About this exercise -> Every line of the entries below from the one containing "6,9 tỷ Nhà đẹp" to the one containing "Tandläkare-läkare som arbetar", both ends included, must be written out exactly. No other line belongs in the answer.

Data supplied ->
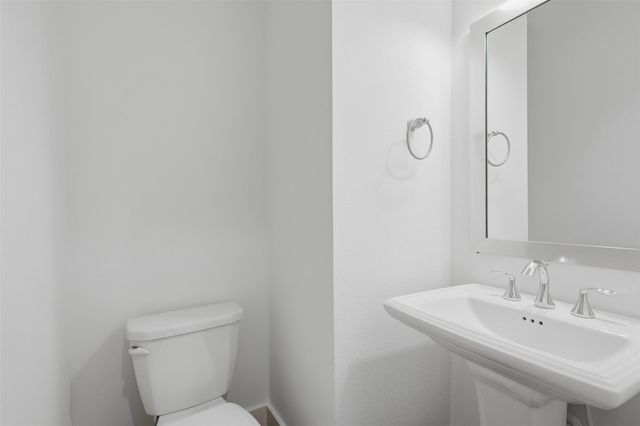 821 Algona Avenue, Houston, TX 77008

==

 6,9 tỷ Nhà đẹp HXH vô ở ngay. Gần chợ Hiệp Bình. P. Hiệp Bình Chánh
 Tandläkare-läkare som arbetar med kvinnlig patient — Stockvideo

* * *

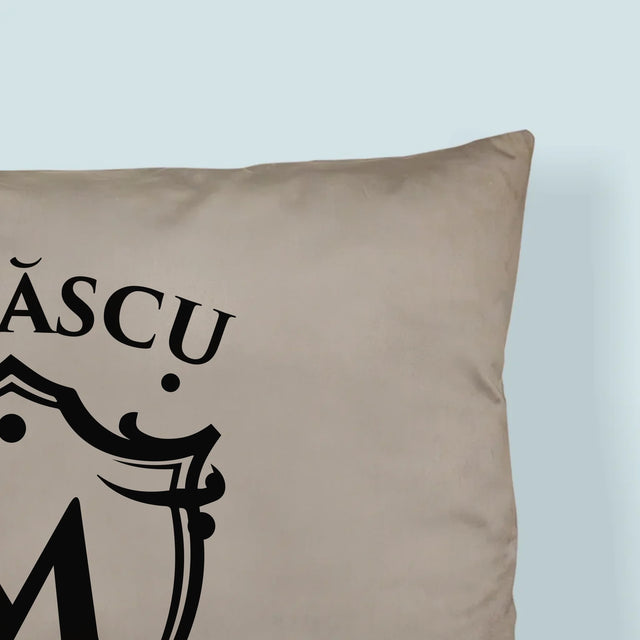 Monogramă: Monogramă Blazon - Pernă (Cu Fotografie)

Output of the task ->
 6,9 tỷ Nhà đẹp HXH vô ở ngay. Gần chợ Hiệp Bình. P. Hiệp Bình Chánh
 Tandläkare-läkare som arbetar med kvinnlig patient — Stockvideo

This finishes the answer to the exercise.